Each span can be connected to other spans using a parent-child hierarchy.

For example, a span called updateJiraTask would have child spans like Check permissionsUpdate Tasksql.updatesend.webhooks.

Each sub-task span would have parent_span_id equal to the id of the updateJiraTask span.

Orphan Spans

Orphan spans are spans that lack visible parent spans within Sentry’s database. This could imply a bug in the Sentry application. If you’re confident about this, please contact support: support@sentry.io

Another reason could include that instrumented spans may not make it back to Sentry for processing. As an example, let us consider a web application consisting of:

  • Frontend (Single-Page Application)
  • Backend
  • Background Queue
  • Notification Job

Instrumented spans in each component are sent back to Sentry for processing. However, a server in the backend component could suffer from network connectivity loss, and the spans may not have made it back to Sentry. This would indicate a “hole” within this specific trace. The collected spans within the Background Queue would be descendants of a span (for example, a queue service call) within the Backend component, and thus the top-level span of the collective Background Queue spans is referred to as an orphan span.

Properties

Each span has a unique identifier kept in the span_id attribute.
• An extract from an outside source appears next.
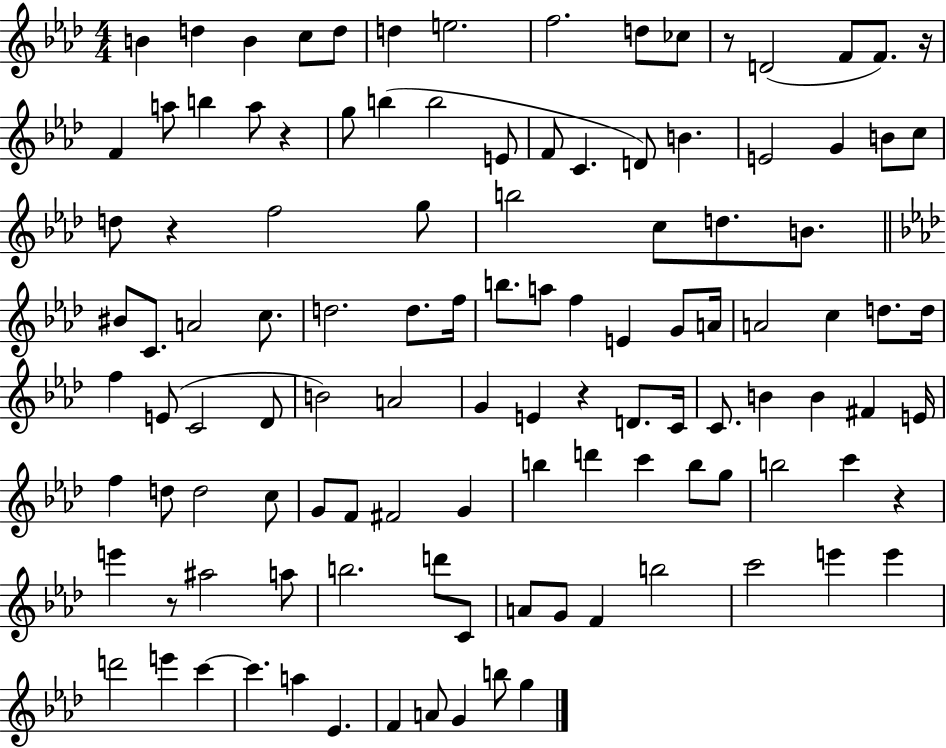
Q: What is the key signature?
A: AES major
Start time and end time are stored in the start_timestamp and timestamp attributes, respectively. The format is an RFC 3339 / ISO 8601-compatible string or a numeric value with the number of seconds since the UNIX Epoch.

The name of the operation is stored in the op property. Example op values are http, sql.query, redis.command.

Additional data about the operation can be stored in the data and tags attributes.

Trace

A trace is a collection of transactions that have the same trace_id attribute. Traces consist of all transactions generated by the distributed system during the processing of the input data. Traces are not explicitly started or finished. The start and end of a trace are defined by the transactions and spans participating in the trace.

Traces that start with the same set of API endpoint calls can potentially differ in terms of what code paths were executed. For example, an initial trace may result in a cache miss at the Cache Service, and a subsequent trace may include more information instrumented at the Cache Service. Although these two traces are similar, they are not identical.

Propagation

Processing of the input data in the distributed environment means that an arbitrary number of the systems/microservices can be involved.

To connect all the spans that were created during the processing of the input data, we need to be able to propagate the basic identifier. By forwarding trace_id and parent_span_id as data travels through various applications in a microservice ecosystem, we can reconstruct data flows later.

Trace metadata is propagated through HTTP headers that are included in the HTTP request to the external system.

Transaction

Transaction is an event attribute that provides initial context to the error report. This makes it possible for the error to be linked to a specific part of the system. An example of the transaction name can be “/users/” which is the name for the endpoint that received the request that failed during the processing.

With tracing, the transaction is a parent span to all spans created during the processing of the request in the single server.

Once the request is processed, the transaction is sent together with all child spans to Sentry.